Thorn sighed. “A long story, and worth little. It is simply one of those things that any hive does not wish to speak of.”
“It is my hive, and I wish to know. I have the right to know.”
He sighed again. “Before the last hibernation, before you were born, your mother had a brother.” Thorn went to the screens, bending over the control boards. “He was a cleverman, brilliant but headstrong. Had he but tempered his genius with sense he might have been Master of Sciences Biological. But instead he decided to conduct an experiment, one that has been forbidden to us since the earliest days of our people.”
“He created monsters?”
“He mingled his own genetic material with that of humans. Not sharing the Gift of Life as one may with ardent worshippers, but giving them a part of ourselves, partially transforming them. And that is forbidden.” Thorn did not look at her. “That is the thing that is forbidden — to change human into Wraith, the greatest crime we can name, at least by the old ways. He gave them our genes, our gifts, and then he released them to breed.”
Waterlight caught her breath. “What happened?”

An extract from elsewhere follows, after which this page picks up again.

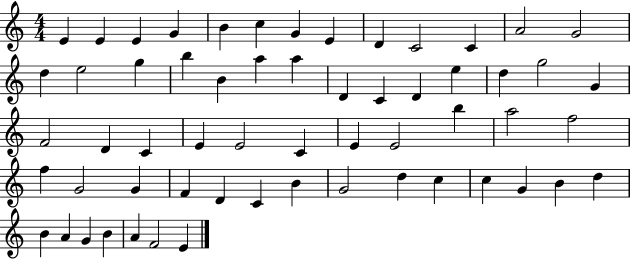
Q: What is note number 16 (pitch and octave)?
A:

“Your mother had to stop him. She closed his testing facility and destroyed his notes so that no other could follow him, but it was too late. His specimens had spread to a dozen worlds, and there was no way to seek them out or identify them. They did not look Wraith, you see. And yet he defied her. He tried it again, and that time she had to kill him.” Thorn bent over the board more closely. “He was her brother and she loved him. And so it fell to her to kill him for his crimes. The sorrow never left her.”
“Oh” Waterlight closed her mind so that he would not see her horror and think her weak. No doubt her mother would have told her in time, a disgrace in their line, even if it had been attended to. “What happened to the humans?” she asked.